"Bang bang! Who is the bad boy?", on pourrait croire en paraphrasant ici le refrain de "Hero on Video" que Chris Bay est devenu un vilain garçon. Que nenni ! Le chanteur, guitariste (et désormais seul compositeur) de Freedom Call reste cet artiste facétieux qui n'hésite pas à façonner ses hymnes sans peur des "qu'en dira-t-on". Une entrevue avec ce bonhomme reste donc un moment spécial d'humour et de légèreté, bercé par la passion sans faille qui l'anime. Quelques jours avant la sortie de Land of the Crimson Dawn, le musicien allemand se livre ainsi pour vous.
Ju de Melon : Bonjour Chris, j'espère que tout va bien pour toi en ce début d'année...
Chris Bay : Bonsoir Julien, merci à toi ! Tout va bien, on a passé un bon réveillon entre amis avec du champage et du whisky. Maintenant il est temps de se remettre au boulot avec la préparation des prochains concerts et la promo du nouvel album à venir.
Alors sans plus attendre, première grosse question qui nous tarabuste : cet album est le premier avec Klaus Sperling derrière les fûts. Est-ce que ce changement de lineup majeur (Dan Zimmermann était le co-fondateur du groupe) a changé un peu l'approche de Freedom Call ?

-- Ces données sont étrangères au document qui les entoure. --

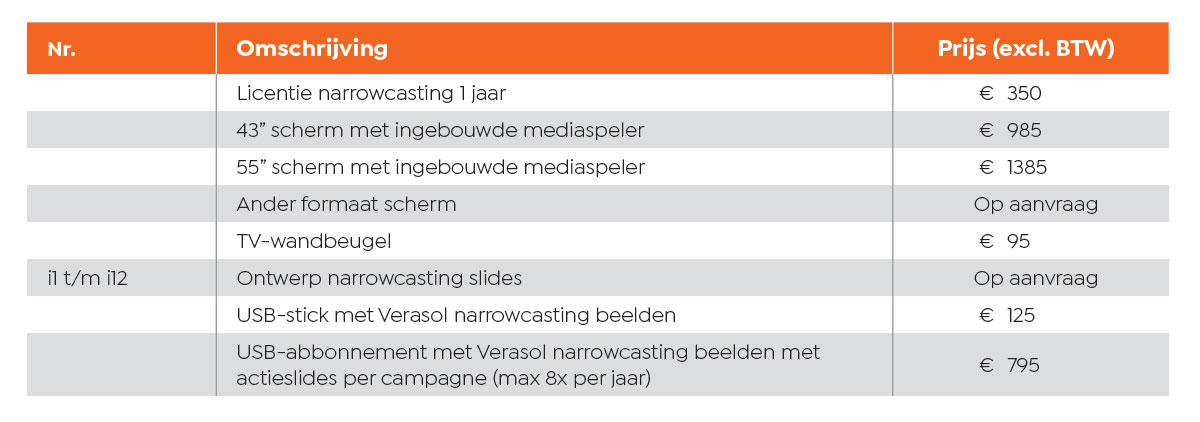 Narrowcasting - H1 instore narrowcasting tabel pos verasol - H1-NC-i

Oui, c'était surtout un véritable changement pour moi, j'ai toujours écrit et collaboré avec Dan pour Freedom Call. Il n'était pas seulement le batteur du groupe, on faisait pratiquement tout ensemble. Alors ce nouvel album s'est présenté à moi comme un défi, une première sans lui et donc quelques difficultés potentielles supplémentaires. Le premier pas est toujours le plus dur, du coup la première chanson a été assez difficile à écrire : ses conseils et son apport m'ont beaucoup manqué. Après, dès la deuxième chanson, les choses sont devenues plus simples. Au final j'ai réussi à faire un véritable album de Freedom Call sans Dan, et on reconnait bien l'esprit du groupe. C'était important pour moi d'y arriver, du Freedom Call à 100% ! Klaus Sperling est vraiment un très bon batteur, très différent de Dan et avec sa propre personnalité. Je ne voulais pas d'un clone de Dan, Klaus a pu apporter sa touche et su se fondre parfaitement au line-up. On peut désormais affirmer que Freedom Call est un groupe à part entière, et pas simplement le side-project du batteur de Gamma Ray !
Klaus a-t-il ressenti une certaine pression au moment de remplacer Dan ?

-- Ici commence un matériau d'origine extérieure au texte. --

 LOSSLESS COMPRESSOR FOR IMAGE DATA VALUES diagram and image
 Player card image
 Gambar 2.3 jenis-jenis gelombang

Plus ou moins, mais disons que Klaus était habitué à travailler avec nous. Tout cela a commencé sur quelques dates en 2007 où notre emploi du temps et celui de Gamma Ray se chevauchaient, Dan devait donc être remplacé par Klaus déjà l'époque. Notre première collaboration s'est faite lors d'une date en France avec Nightmare et Kragens d'ailleurs. Klaus n'a eu globalement aucun problème à entrer dans le monde du bonheur tel que Freedom Call le conçoit, c'est lui-même quelqu'un de très enjoué et nous formons avec lui une équipe soudée.

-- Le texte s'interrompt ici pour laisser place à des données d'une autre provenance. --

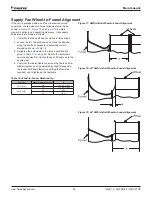 Preview for 99 page of Daikin Maverick II MPS062E Installation And Maintenance Manual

Il a d'ailleurs un autre projet, Nitrogods...
C'est vrai, lui aussi est quelqu'un de très occupé ! (rires)
En parlant du sieur Zimmermann qui a donc désormais décidé de se consacrer à Gamma Ray, gardes-tu quelques relations musicales avec lui et est-ce que tu laisses la porte ouverte à son éventuel retour dans Freedom Call si l'envie lui prend un jour ?
Daniel reste un de mes meilleurs amis, on passe pas mal de temps ensemble dans le privé. Par contre nous ne jouons plus de musique ensemble. Après, je ne dis jamais "non", mais je ne pense pas que son retour puisse être possible avant un certain temps : il veut vraiment se donner à fond avec Gamma Ray et il est aussi dans un autre groupe en même temps. Après voilà, j'ai déjà pris mes marques dans ce Freedom Call sans Dan, avec Klaus, et je pense qu'il sera intéressant de continuer dans cette voie. Aujourd'hui je ne regrette rien.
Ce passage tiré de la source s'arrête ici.